Conforme atravesaban los límites del reino de Wolfgard, el polvo de las calles empedradas se arremolinaba alrededor de los cascos del caballo, y la brisa fresca del lugar desordenaba la cabellera cobriza de Ofelia. Llegó un momento, cuando ya estaban a mitad del camino rumbo al castillo que el rey Acaz se inclinó hacia adelante, acercándose lo suficiente para que solo Ofelia pudiera escuchar sus palabras y con su aliento cálido rozando su oreja le dijo:
—Disimula tu aroma Fae, usa tu magia. Ya —susurró con su voz grave y algo urgente, se notaba que tenía prisa para que ella escondiera el ultimo vestigio que quedaba de su verdadera naturaleza.

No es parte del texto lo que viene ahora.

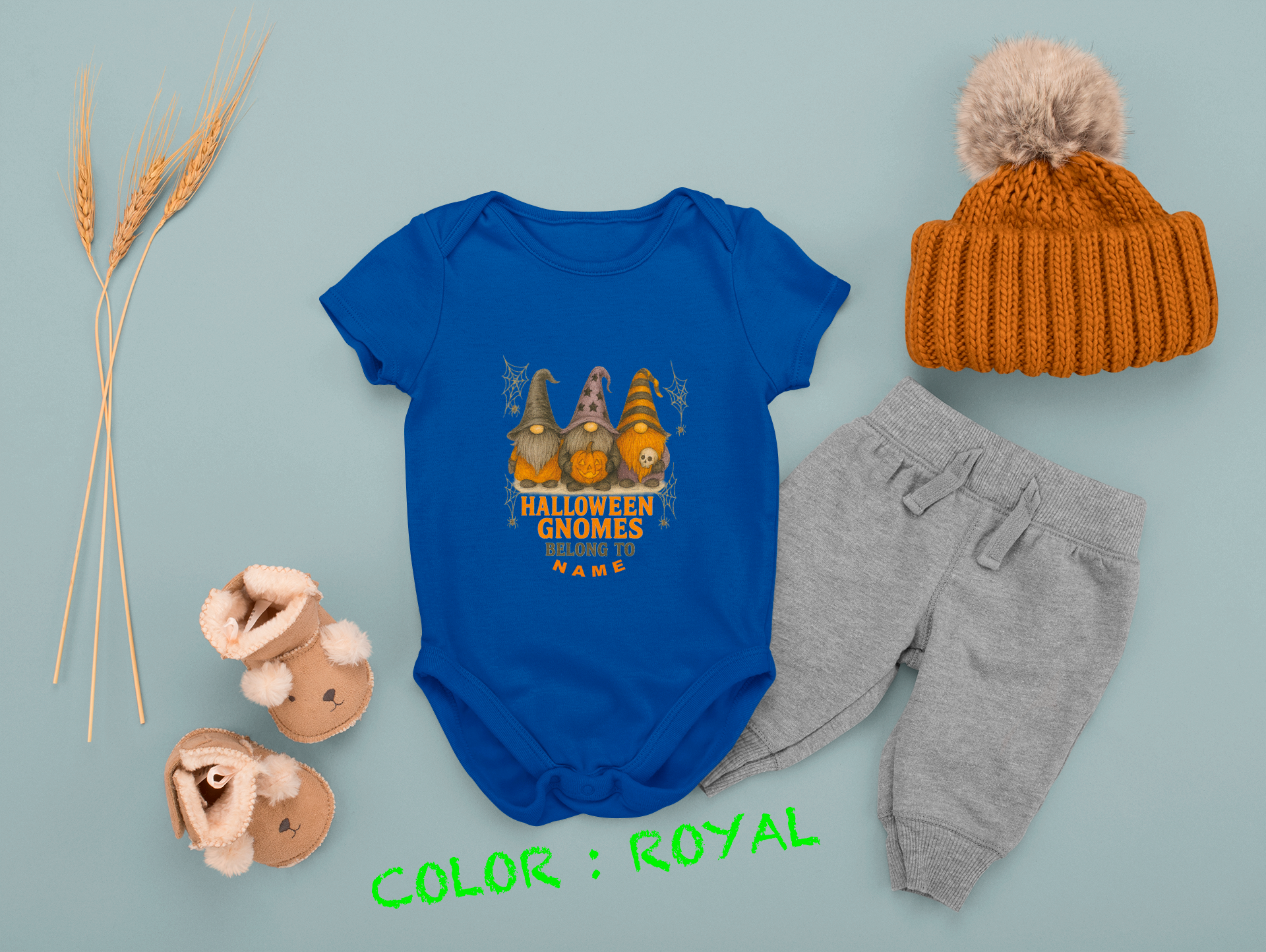 Halloween Baby Outfit, Fun Baby Outfit, Adorable Bodysuit, Baby Shower Favor, Baby Clothes. Garden Gnome Themed.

Un escalofrío recorrió la espina dorsal de Ofelia, erizando cada vello de su cuerpo. El aroma a hada, su propia esencia, era algo que jamás había tenido que ocultar por considerarlo innecesario; era tan natural para ella como respirar. Pero ahora, al pisar por primera vez territorio de lobos, comprendía que el más mínimo rastro de su verdadera naturaleza podría significar una sentencia de muerte, y no solo por ser de otra especie, sino también por varias razones que ella conocía mejor que nadie. Al comprender esto, ella asintió con un movimiento casi imperceptible, consciente de la gravedad de su situación.
Así que, cerrando sus ojos, Ofelia se concentró en establecer el vínculo mental con su hermano pequeño, ese lazo invisible pero irrompible que compartían por ser Faes y además hermanos de sangre:
"Jim, ¿estás bien? ¿No te han lastimado?"
En la caravana del botín, Jim se acurrucaba bajo un tapete raído que apenas lo protegía del frío inclemente de la noche anterior. Al escuchar la voz mental de su hermana, su corazón dio un vuelco de alegría, y la respuesta brotó instantánea en su mente:
"¡Lia, Lia, Lia!" La emoción era evidente en cada repetición del nombre de su hermana, que era prácticamente su madre. "Estoy bien, no me han hecho nada estos lobos feos, pero tengo hambre, me suena la panza y también tengo sed. Oh y me hice pis dos veces, mis pantalones ya se secaron, pero huelo feo."
Ofelia tragó saliva con dificultad, sintiendo un nudo en la garganta. La inocencia en las palabras de su hermano le partía el corazón, pero al menos estaba a salvo. En estos momentos, eso era lo único que importaba.
"Escúchame Jim, tenemos que añadir una capa más a nuestro disfraz."
"¿Cuál capa? ¿Otra capa? ¿Pero para qué si nuestras alitas no se ven y ya no brillamos?”
"Pero los lobos pueden olernos, y saben que olemos a hadas. Repite después de mí, cierra tus ojos y di estas palabras en feérico, debes susurrarlo, no pensarlo, ¿comprendes?”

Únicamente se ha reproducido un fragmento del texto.